The Staple Pantry Ingredients You Can Use To Clean Up Cooking Oil Spills

It's amazing how the solution to most messes in the kitchen can be found in the very same room of your house. In fact, most of the clean up can be done using a handful of nifty cooking ingredients. The same baking soda that you use to whip up moist cakes and airy breads? It can take care of stubborn grease or polish rusty baking pans. And then there's lemons that are the key to good-as-new ovens, clean coffee makers, and descaled kettles. 

Even if you've splashed some hot oil on your stove or countertops, fret not, the solution is right there in the pantry — all you need is salt, flour, and baking soda.

Oil is made up of hydrophobic molecules, which means that water does not mix well with it. That is why those greasy splatters aren't often erased when cleaning with just a damp paper towel alone. On the other hand, flour and salt can absorb oil spills and mitigate the area of damage, and then baking soda can take care of the rest, including getting rid of any stubborn stains that may have built over from weeks of unattended grease. There are a few things to keep in mind when using these kitchen staples to clean up oil spills, especially when considering the kind of mess and the surface it's on.

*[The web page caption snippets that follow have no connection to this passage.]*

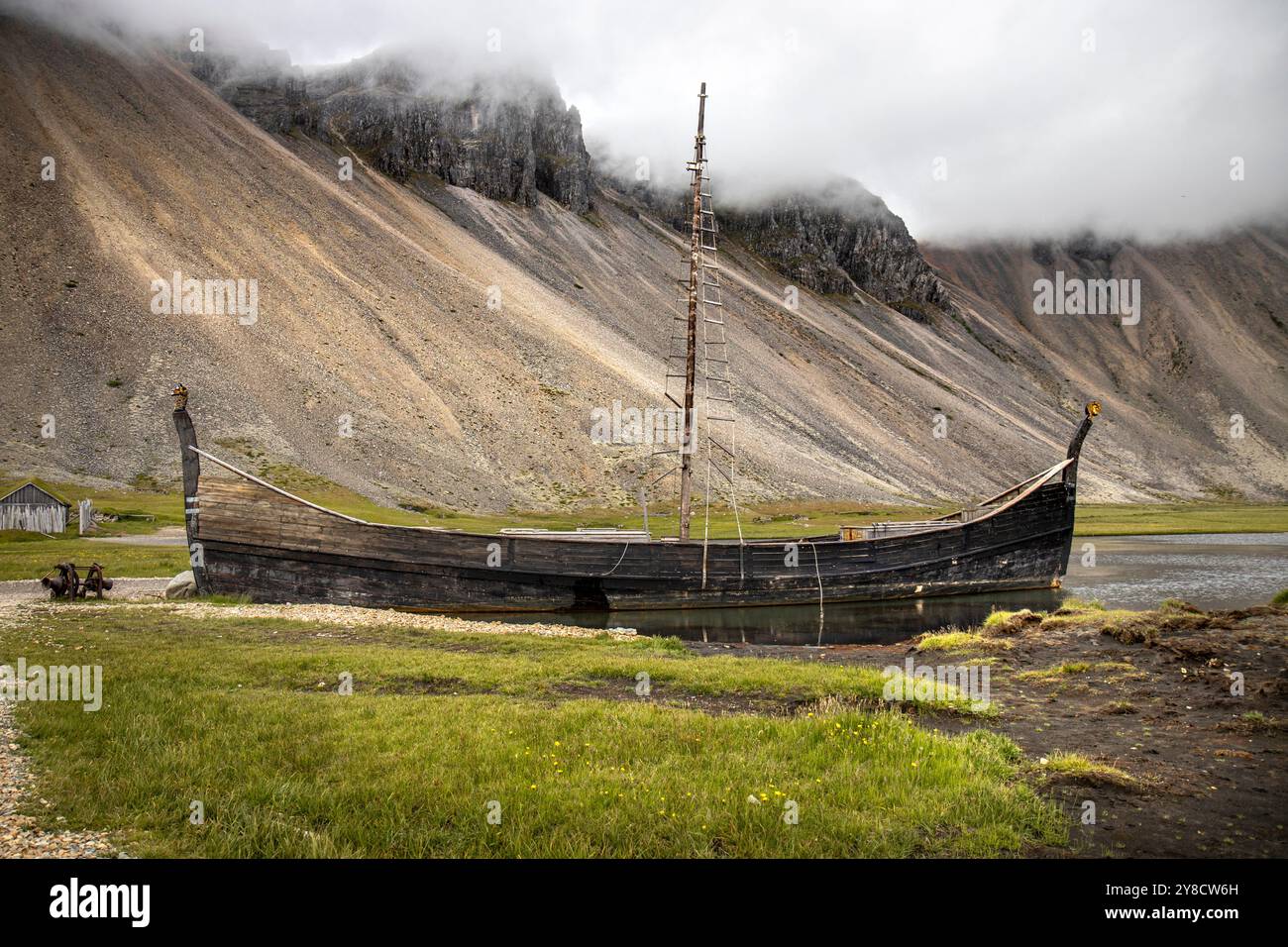 Vecchia barca vichinga in legno arenata sul fiordo in islanda Foto Stock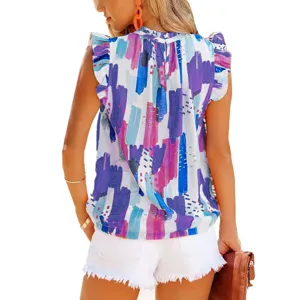 Detail view of the back showing colorful abstract print sleeveless top and ruffle details.
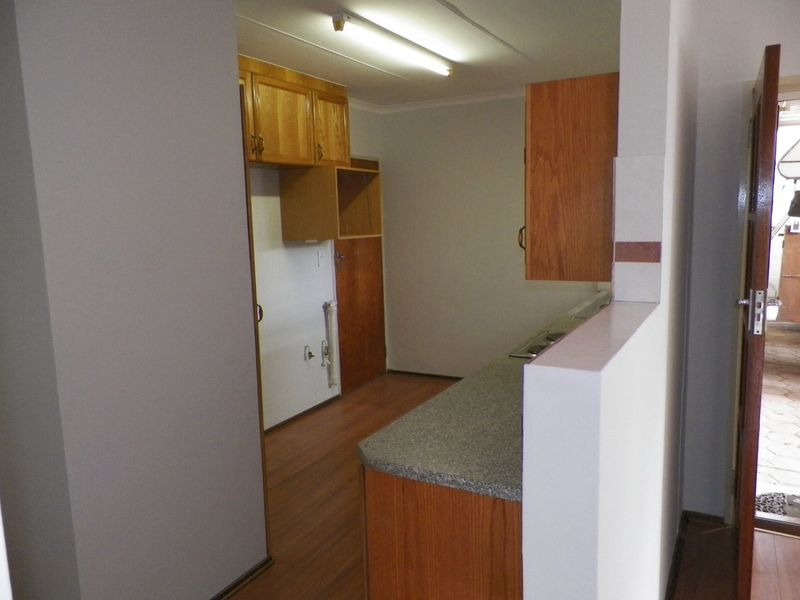 A dated kitchen featuring laminate cabinetry, countertops, and built-in stove, offering a functional layout ready for modernization and cosmetic updates.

When to use flour or salt to clean up oil spills

Let's say that you've knocked over an entire open bottle of oil; it's likely going to spill into a huge pool of grease that will slowly spread all across your sparkling countertops, unless you act fast. That's when flour or salt can help minimize the mess. Flour is made of two things — starch and gluten — both of which absorb liquids over their weight. When you throw a fistful of flour on the oil spill, the flour will quickly absorb the liquid and stop the running grease right in its tracks. Salt will similarly absorb oil spills and prevent them from spreading any further.

To use these kitchen staples to clean up oil spills, all you have to do is scoop out a generous mountain of either one over the liquid (regular salt or all-purpose flour will do). Leave the powders for a few minutes to do their jobs while also gently pressing down on them so that they can absorb as much liquid as possible. Once you notice the salt crisping up or the flour turning into a clump, all you need to do is scrape the mush off the surface and give it all a quick wipe-down. 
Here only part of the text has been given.